**PROMPT:**
In the entries below, find the line with "Kaftan gris bordado - Talla única" and the line with "Ensemble Jupe Orange Éclatant". Repeat exactly everything between them, those two lines included, but not the pictures.

**RECORDS FOR THE TASK:**
====

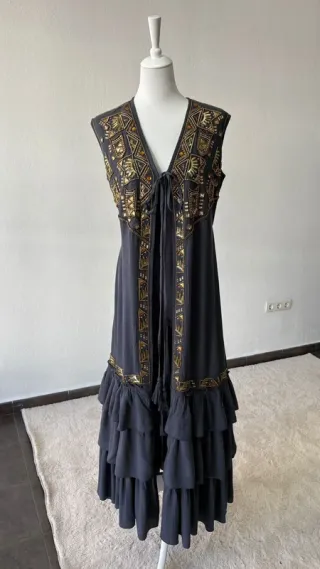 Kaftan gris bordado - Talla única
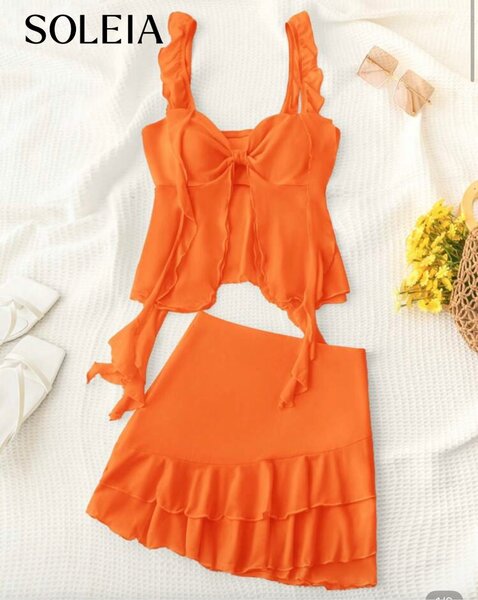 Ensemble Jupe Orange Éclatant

====

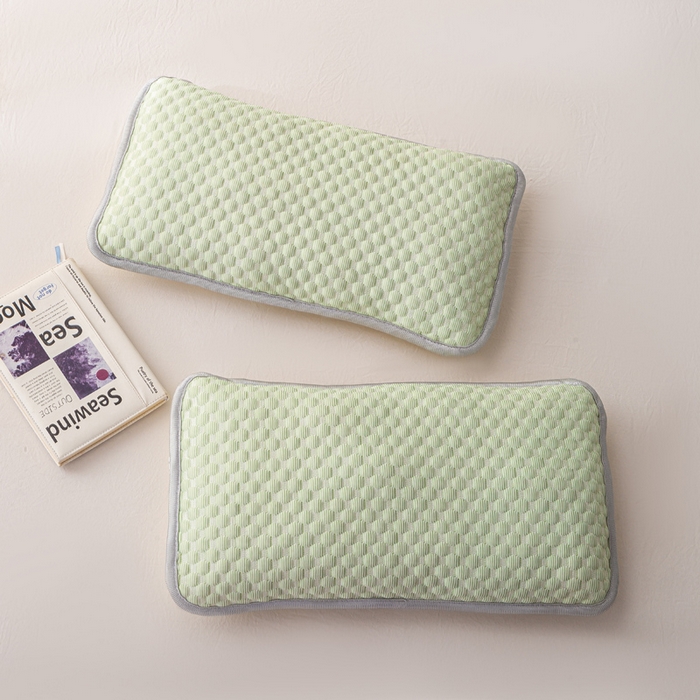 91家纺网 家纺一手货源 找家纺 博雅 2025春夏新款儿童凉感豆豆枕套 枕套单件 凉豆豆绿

====

**EXPECTED OUTPUT:**
 Kaftan gris bordado - Talla única
 Ensemble Jupe Orange Éclatant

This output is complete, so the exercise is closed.